У Лени словно гора с плеч свалилась. Она была убеждена, что на сей раз отделалась легче легкого.
15
ЛЕНИ И ЕЕ ВОЙНА
Целый год Лени пропагандировала свою «Олимпию». На круг фильм занял у нее четыре года жизни. Когда страсти наконец улеглись, она вздохнула с облегчением — теперь-то у нее появилась возможность приступить к воплощению идеи, которая столько времени не давала ей покоя и с помощью которой она надеялась раз и навсегда отринуть от себя и документалистику, и «горные фильмы». Она планировала исторический эпос о царице амазонок Пентеси-лее — героине постгомеровских легенд. В основу идеи легла драма в стихах Генриха фон Клейста, необычайно популярная в Германии в 1920-х годах и повествовавшая о великой и трагичной любви Пентесилеи к Ахиллу. Едва познакомившись с пьесой, Лени была глубоко взволнована ею; она сказала в одном из интервью, что любит Клейста как ни одного другого поэта или драматурга. Каждое слово поэта вызывало отклик в ее душе, и сильный характер Пентесилеи удивительным образом напоминал ее собственный. Макс Рейнхардт согласился, что эта роль была скроена по ней, как по мерке, а Хайнц Яворски вспоминал об этом проекте как о ее излюбленной теме, еще когда снимался «Синий свет». Стоило ей слишком размечтаться об этом, как вся команда принималась одергивать ее: «Ты знаешь, на что тебе придется пойти? Тебе же придется выжечь себе левую грудь. Все амазонки так делали, чтобы лучше натягивать луки». С самого начала Рифеншталь поняла, что этот сюжет — не то, во что следует бросаться с головой, его лучше приберечь, пока она не достигнет вершины своего артистического развития. Это могло бы стать ее шедевром, ее «Кольцом Нибелунга» [61] , но при этом ей хотелось, чтобы это предстало венцом кинематографического искусства. Имея за плечами опыт «Олимпии», она почувствовала, что наконец-то пришло время, и поселилась в коттедже на фризском острове Зильт для написания сценария и подготовки к роли Пентесилеи. Для этого нужно было выучиться ездить верхом с ловкостью цирковой наездницы, и вместе с Лени на уединенный остров отправилась ее любимая белая кобыла по кличке Сказка. Утром — за письменным столом, днем — в седле или за занятием еще каким-нибудь спортом — вот самое лучшее существование, какого только можно пожелать! Это был один из самых творческих периодов в ее жизни. Структура фильма и все отдельные сцены выскакивали готовыми в ее воображении, точно птенцы в гнезде, — оставалось только записывать.
61
Оперная тетралогия «Кольцо Нибелунга» (1854—1874) — вершина творчества Р. Вагнера. (Примеч. пер.)

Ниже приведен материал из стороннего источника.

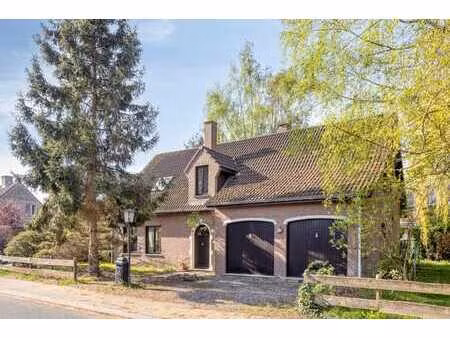 villa  4 chambres  2 sdb  2 garages  jardin orienté s-so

Она считала самым важным твердо придерживаться духа поэзии Клейста, особенно в тех случаях, когда стихи переходили в визуальный лиризм и образы могли заменять слова, по крайней мере, с одинаковой силой. Она видела в поэзии и кинематографе сходную экспрессию — во всяком случае, и то и другое возбуждало некое волновое, движение, «подобно переменному электрическому току». По ее мнению, публику не следует перегружать красивостью и пышностью, но возносить ввысь выразительностью сцены, затем позволить напряжению немного ослабнуть — и снова ввысь. «Задача заключается в том, чтобы вычертить график этих двух волновых движений, — объясняла она, — и добиться, чтобы они работали в обратной пропорциональности одно другому». Это — один из тех факторов, которые характеризуют звуковой фильм в полном смысле терминологии: ритм — в основе всего! По ее мнению, этот баланс, в котором равновесны и поэзия, и кинематограф, никогда в подлинной мере не был использован. Возвращаясь к этой теме в одном интервью, которое давала после войны, она высказала предположение, что ближе всего к этому подошел «Генрих Пятый» Лоуренса Оливье [62] ; но, по ее мнению, результат оказался плачевен, ибо Оливье «колеблется, жертвуя сперва одним, затем другим: то толикой кинематографа, то снова толикой Шекспира». А Орсон Уэллс [63] также создавал «чудесные фильмы «на полях Шекспира» — но это был не сам Шекспир…
62
Оливье, Лоуренс — английский актер, режиссер. В 1963—1973 гг. — руководитель Национального театра (Лондон). Один из лучших исполнителей шекспировских ролей в театре и в кино. (Примеч. пер.)
63
Уэллс, Орсон — американский кинорежиссер, актер. Исполнил главные роли в поставленных им фильмах:. «Макбет» (1948), «Отелло» (1952), «Фальстаф» (1966) и др. (Примеч. пер.)